Después de dos maratones bien entrenados y preparados y en los que he pinchado exactamente en el mismo sitio, puedo decir que yo ya no quiero más épica: yo quiero disfrutar entrenando y corriendo, sufriendo lo necesario para mejorar cada día. Pero desde luego no quiero volver a verme en la tesitura de tener que llorar en medio de una carrera y de querer terminar a pesar del dolor.
Si mi primera maratón fue un aviso, Sevilla ha terminado de confirmarme que mis rodillas son fantásticas en otros deportes o en otras distancias, pero que la maratón no es para ellas. Sin problemas. Medias maratones y carreras de 10 kilómetros, ¡allá vamos! No será por falta de carreras de otras distancias que no me vayan a pasar tanta factura como estas.

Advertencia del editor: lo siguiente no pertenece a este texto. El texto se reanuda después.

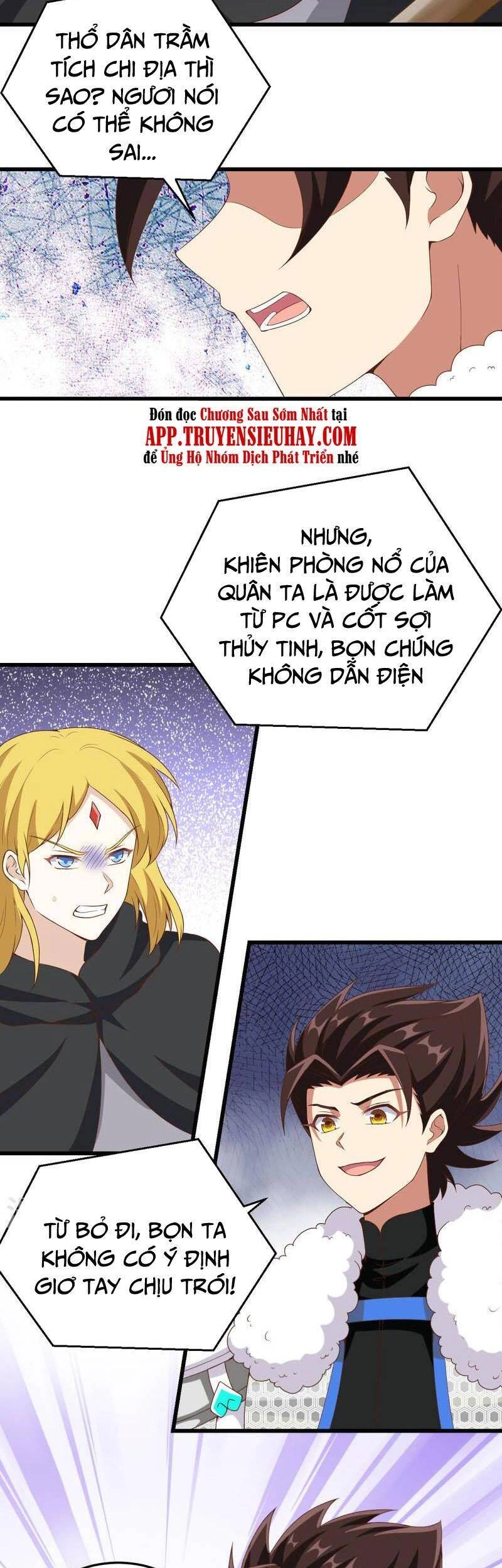 Từ Hôm Nay Bắt Đầu Làm Thành Chủ Chapter 418 - 11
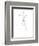 Tom Waits-Logan Huxley-Framed Art Print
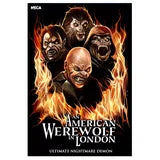 NECA An American Werewolf In London Ultimate Nightmare Demon Figure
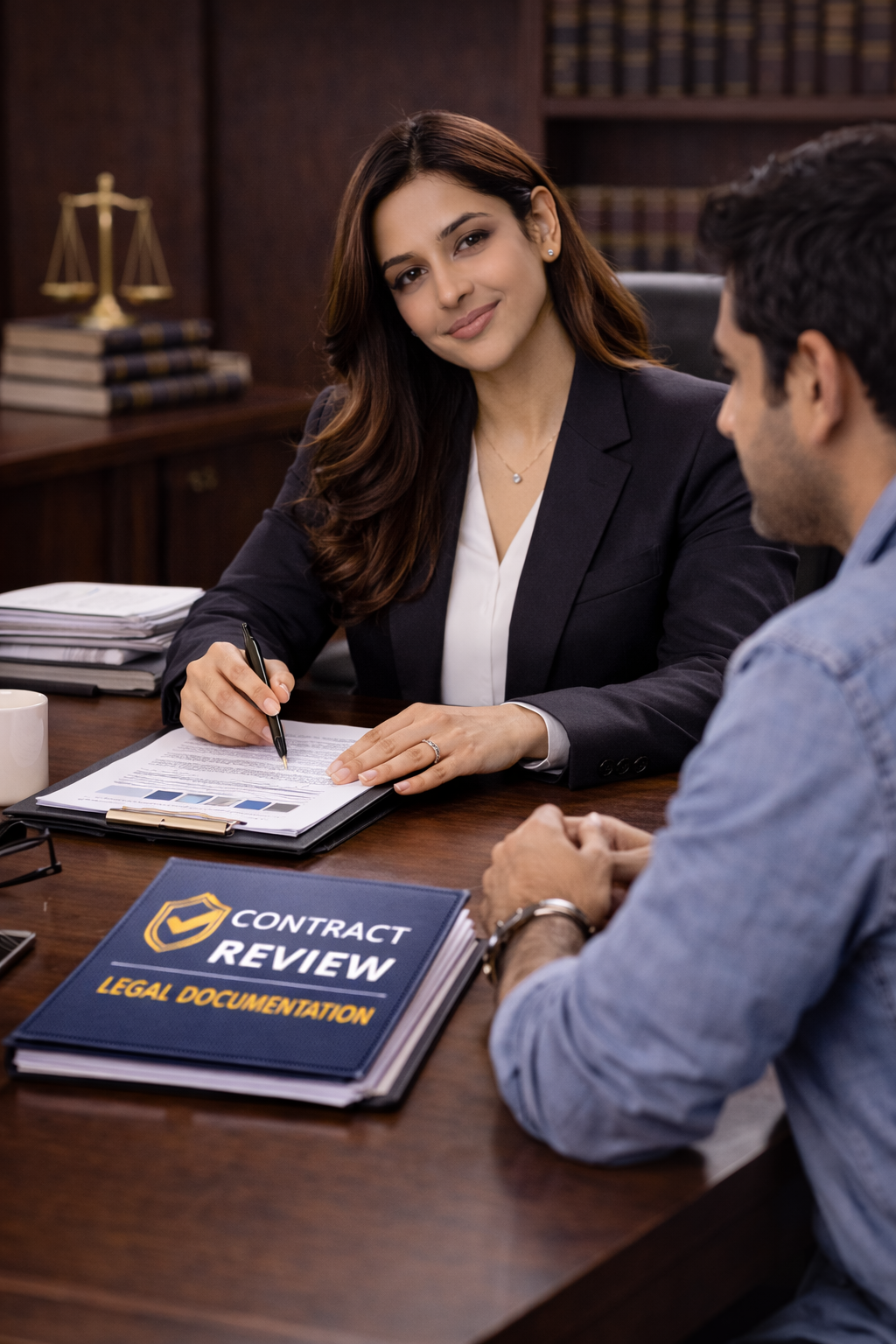 Contract Review & Legal Documentation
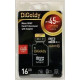 DIGOLDY 16GB microSDHC Class 10 UHS-1 Extreme [DG016GCSDHC10UHS-1-ElU1 w]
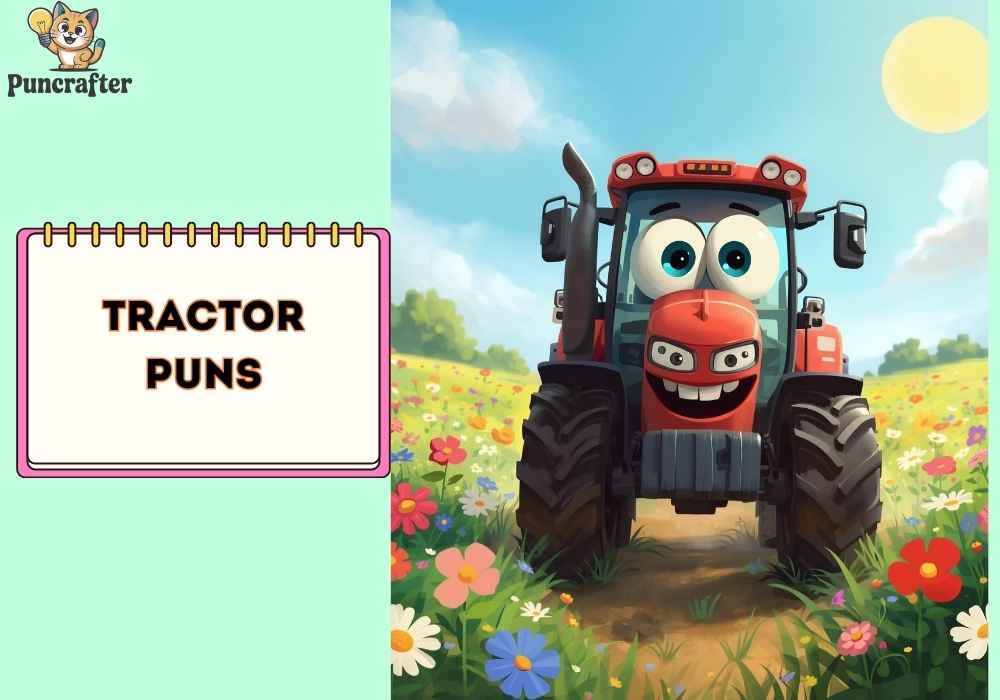 Funny Tractor Puns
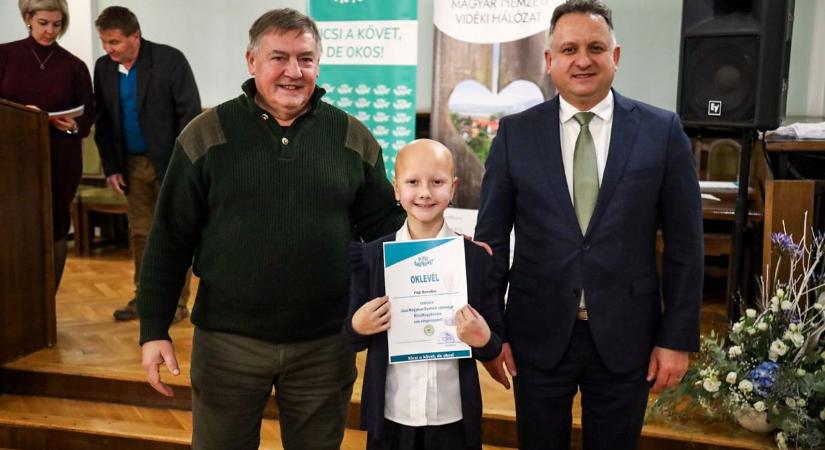 A szolnoki Pap Boróka lett a Magyarság KicsiNagykövete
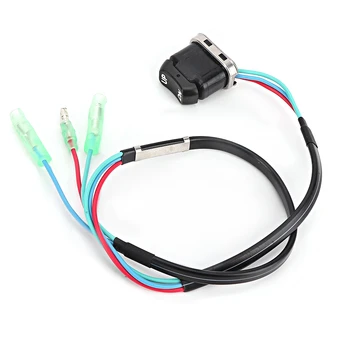 

Trim Tilt Switch Posh Button Assembly for Yamaha Outboard Plastic for Boat Motors Outboard Motor 2020 New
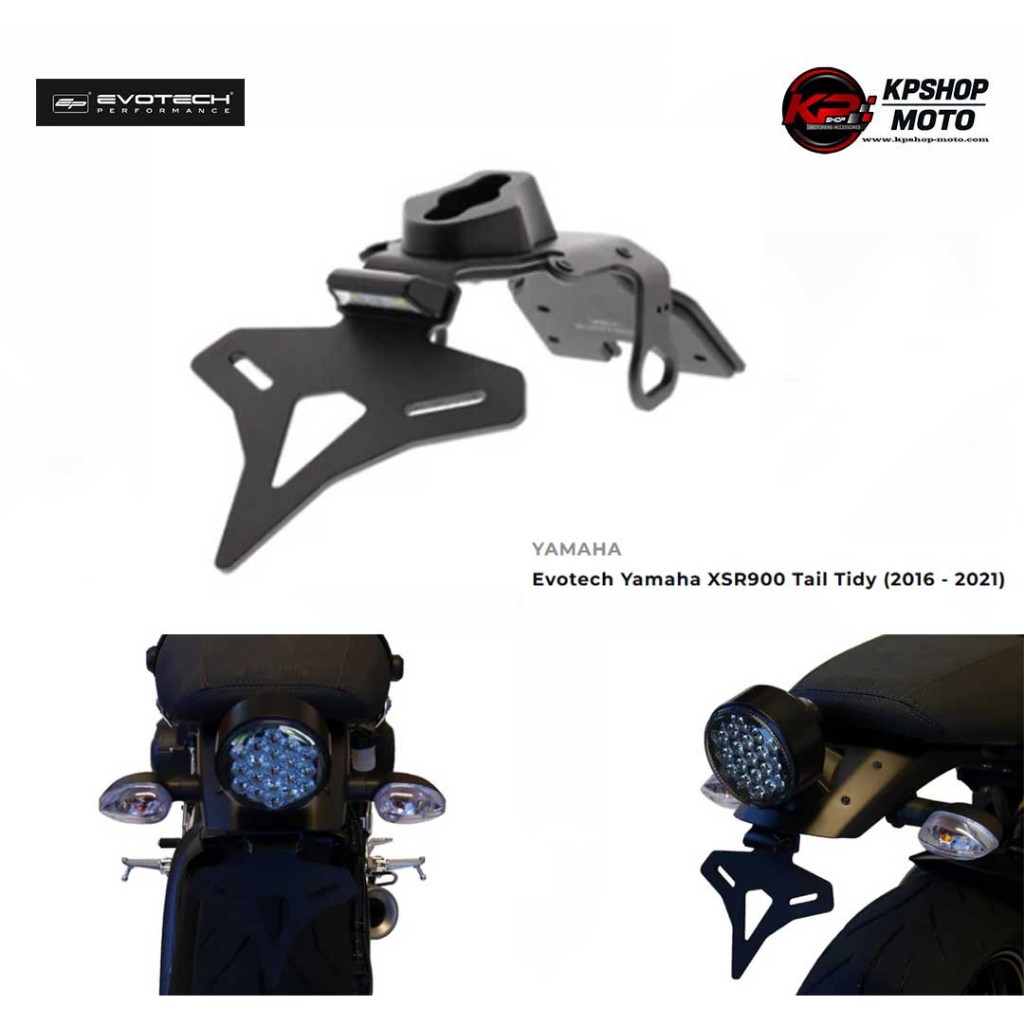 ท้ายสั้น Evotech Yamaha XSR900 Tail Tidy (2016 - 2021)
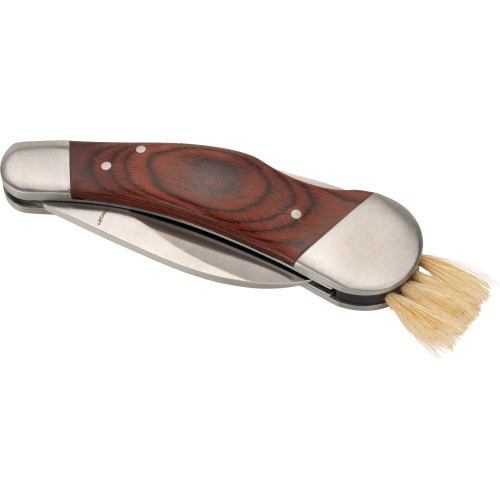 Nóż do grzybów PILZ Schwarzwolf Brązowy F1900200SA301 (3)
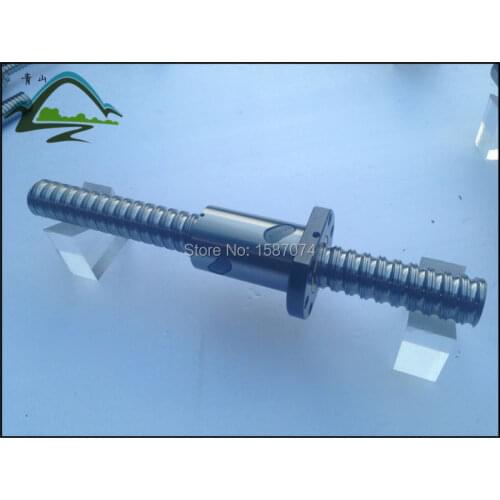 High precise cnc parts ball screw sfu1605-L1200mm with a nut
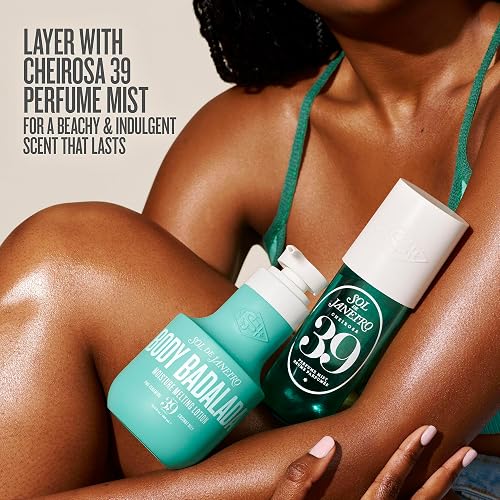 SOL DE JANEIRO BODY BADALADA MOISTURIZING LOTION FOR DRY SKIN HYDRATING BODY CREAM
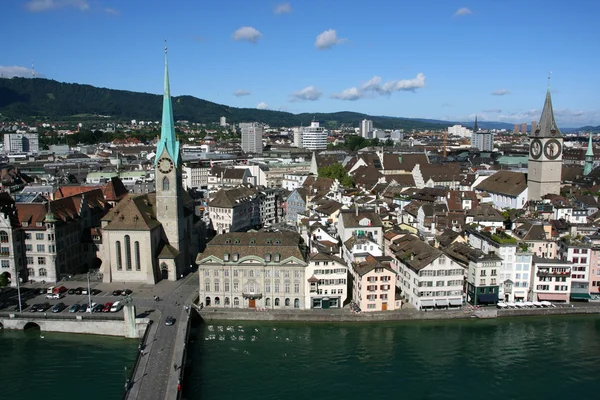 Цюрих, Швейцария — стоковое фото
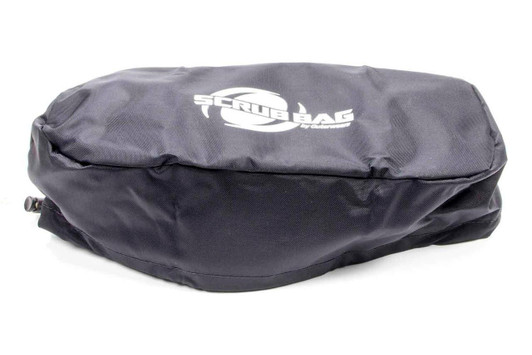 OUTERWEARS 3.5 in Oval Scrub Bag Black 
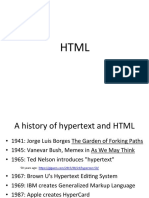 1 HTML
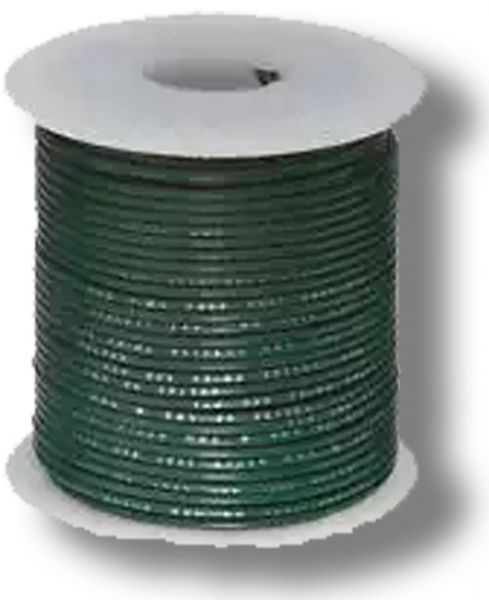 Belden 9978005100 Hook-up Wire 30 AWG 1C PVC 100ft SPOOL GREEN, 30 AWG, Solid stranding, Tinned Copper conductor material, PVC insulation material, 100 ft, Green jacket color, Weight 0.100 Lbs, UPC BELDEN9978005100 (BELDEN9978005100 BELDEN 9978005100 9978 005 100 BELDEN-9978005100 9978-005-100)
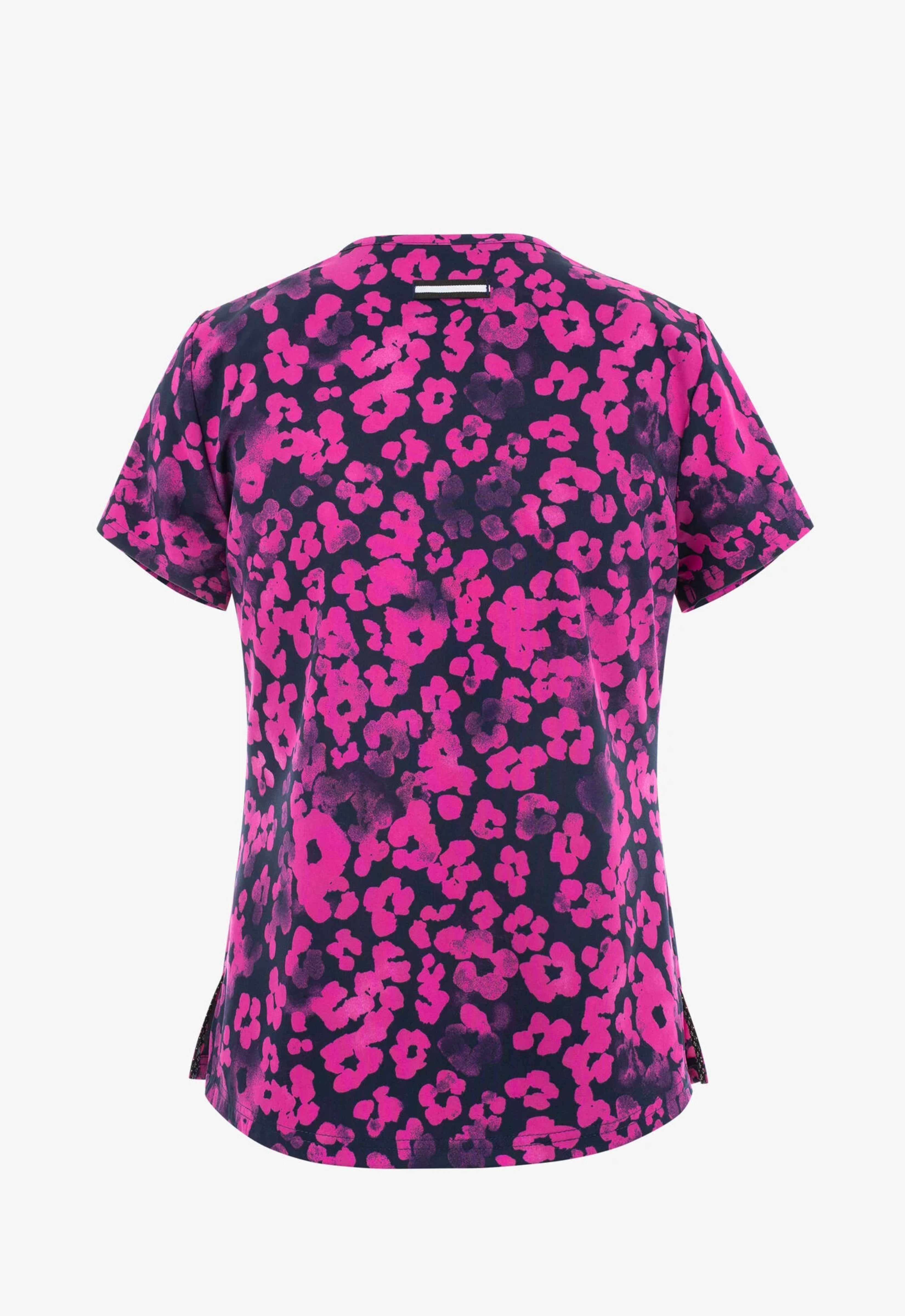 Polera Clínica estampada Mujer koi Next Gen 1083PR TCA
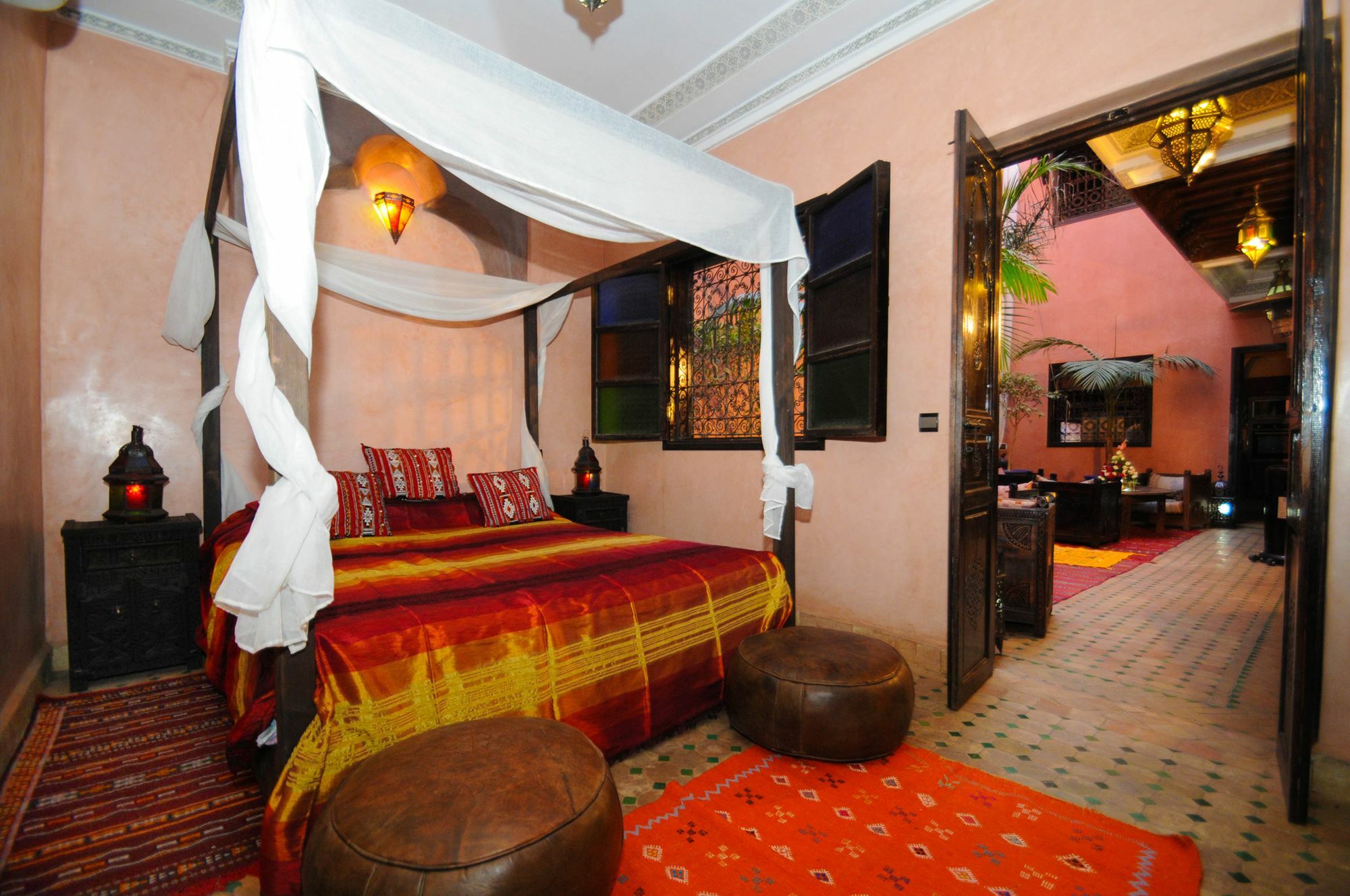 Riad Dar Aby Марракеш Экстерьер фото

Aun así, puedo decir que disfruté muchísimo esos 30 primeros kilómetros de la carrera, que la organización fue de 10, que el nuevo recorrido (aun sin haber conocido el anterior) es precioso y que tanto los voluntarios como los espectadores fueron la guinda del pastel.
Y aprovecho para mandar un abrazo enorme a Inés y a su hermano, que entrenaron con nosotros y me los encontré en el kilómetro cinco (¿qué posibilidades había de que ocurriera eso? ¡tremenda ilusión!). Enhorabuena, chicos: ¡ya sois maratonianos!
La maratón de Sevilla es ideal para estrenaros o para hacer marca: no os la perdáis si tenéis oportunidad. Y, por lo que a mí respecta... ¿nos vemos en la media?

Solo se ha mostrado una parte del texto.